§ **ABOUT THIS TASK**: The listing is to be transcribed in full, with its images left out.

§ **EXERCISE DATA**:
Segment Open

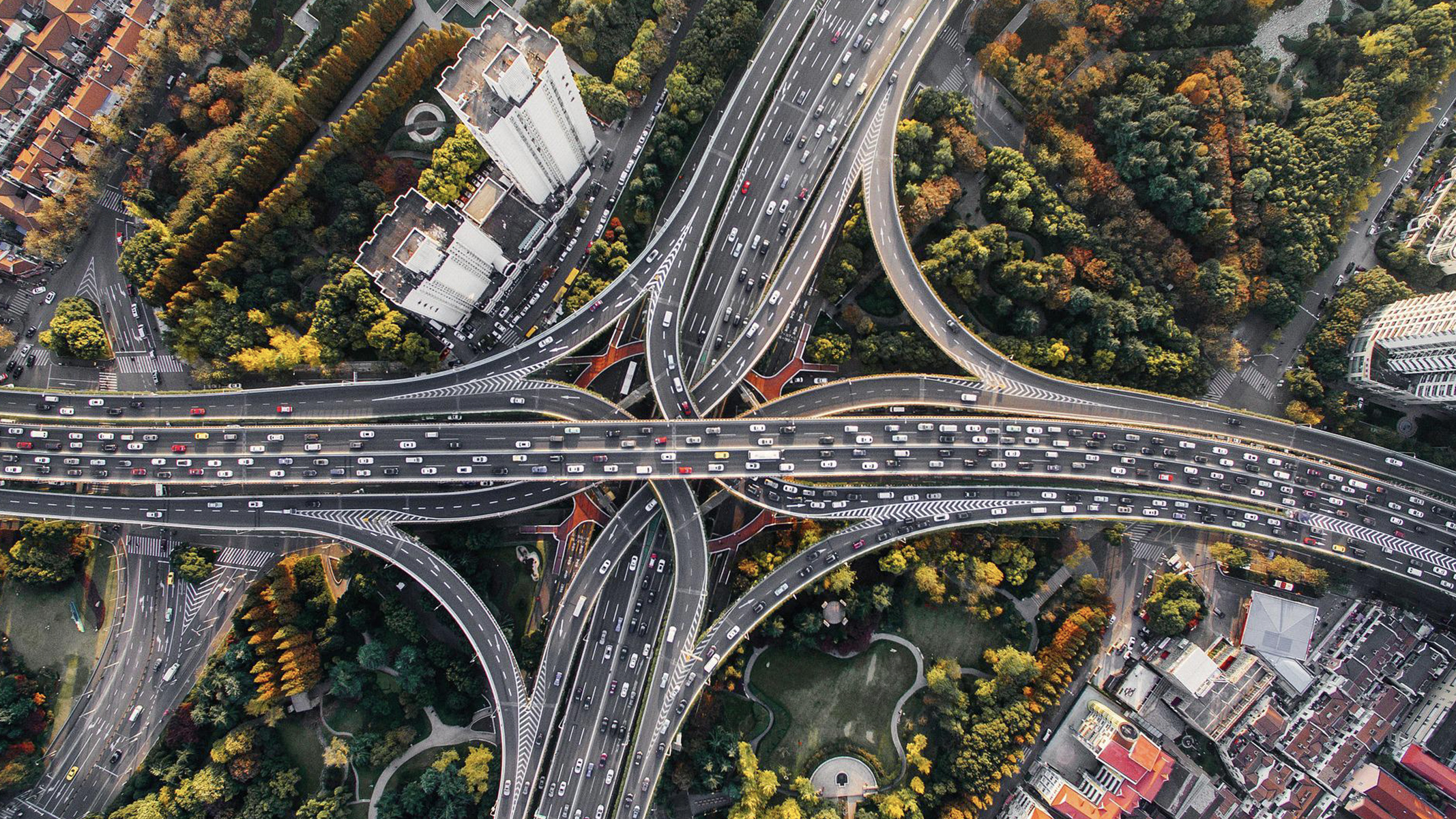 Aerial view of a busy multi-freeway intersection with underpasses and overpasses, surrounded by trees and buildings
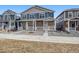 Attractive two-story home highlighting a stone facade, a welcoming porch, and a well-kept front yard at 22384 E 6Th Pl, Aurora, CO 80018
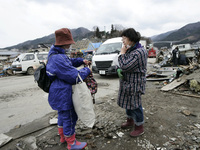 March 21, 2011-Ofunato, Japan-Volunteer relief activity on debris and mud covered at Tsunami hit Destroyed Industrial Area in Ofunato on Mar...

Segment Closed

§ **THE ANSWER**:
 Aerial view of a busy multi-freeway intersection with underpasses and overpasses, surrounded by trees and buildings
 Attractive two-story home highlighting a stone facade, a welcoming porch, and a well-kept front yard at 22384 E 6Th Pl, Aurora, CO 80018
 March 21, 2011-Ofunato, Japan-Volunteer relief activity on debris and mud covered at Tsunami hit Destroyed Industrial Area in Ofunato on Mar...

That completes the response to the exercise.